After the Iranian Revolution of 1979, the new Islamic government of Iran began an international campaign of assassination that lasted into the 1990s. At least 162 killings in 19 countries have been linked to the senior leadership of the Islamic Republic of Iran. This campaign came to an end after the Mykonos restaurant assassinations, because a German court publicly implicated senior members of the government and issued arrest warrants for Ali Fallahian, the head of the Iranian Intelligence. Evidence indicates that Fallahian’s personal involvement and individual responsibility for the murders were far more pervasive than his current indictment record represents.
On August 17, 1988, President of Pakistan Gen. M. Zia ul Haq died alongside 31 others including the Chief of Staff of the Pakistani Armed Forces, the US Ambassador to Pakistan and the chief of the US Military Mission to Pakistan when his C-130 transport plane mysteriously crashed. The crash is widely considered – inside of Pakistan – to be an act of political assassination.
Concrete allegations have since surfaced that the Iranian government has actively armed and funded Shia death-squads in post-Saddam Iraq.
In India, Prime Ministers Indira Gandhi and her son Rajiv Gandhi (neither of whom were related to Mohandas Gandhi, who was assassinated in 1948), were assassinated in 1984 and 1991 respectively. The assassinations were linked to separatist movements in Punjab and northern Sri Lanka, respectively.

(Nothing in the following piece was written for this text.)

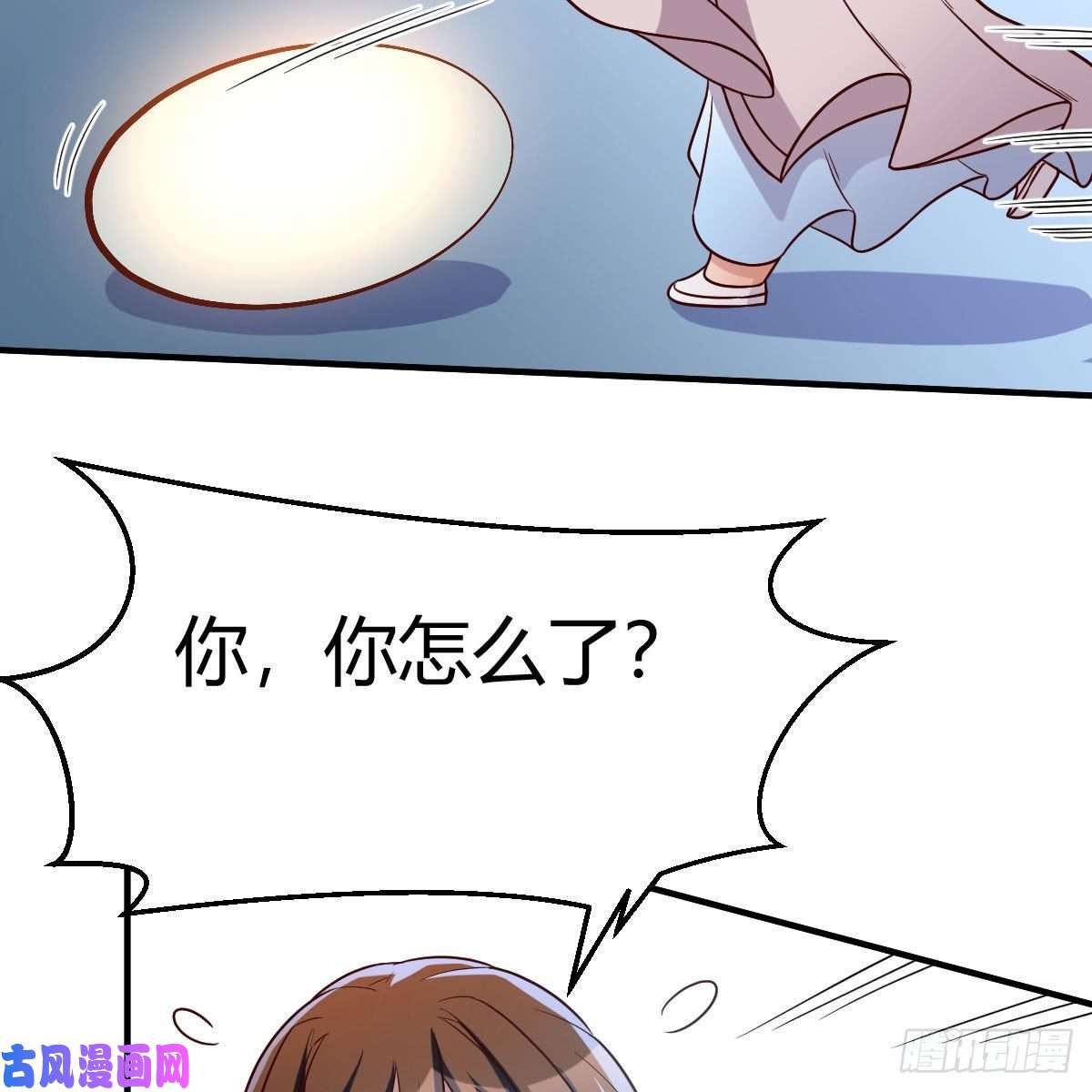 我有元婴NB症变大了！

Israeli tourist minister Rehavam Ze'evi was assassinated on October 17, 2001, by Hamdi Quran and three other members of the Popular Front for the Liberation of Palestine (PFLP). The PFLP stated that the assassination was in retaliation for the August 27, 2001, killing of Abu Ali Mustafa, the Secretary General of the PFLP, by the Israeli Air Force under its policy of targeted killings.
In Lebanon, the assassination of former Prime Minister Rafik Hariri on February 14, 2005, prompted an investigation by the United Nations. The suggestion in the resulting Mehlis report that there was Syrian involvement, prompted the Cedar Revolution, which drove Syrian troops out of Lebanon.
In Pakistan, former prime minister and opposition leader Benazir Bhutto was assassinated in 2007, while in the process of running for re-election. Bhutto's assassination drew unanimous condemnation from the international community
In Guinea Bissau, President João Bernardo Vieira was assassinated in the early hours of March 2, 2009, in the capital, Bissau. Unlike typical assassinations his death was not swift; he first survived an explosion at the Presidential Villa, was then shot and wounded, and finally was butchered with machetes. His assassination was carried out by renegade soldiers who were apparently revenging the killing of General Tagme Na Waie, the Chief of Staff of the Armed Forces of Guinea Bissau, who had been killed in a bomb explosion the day before.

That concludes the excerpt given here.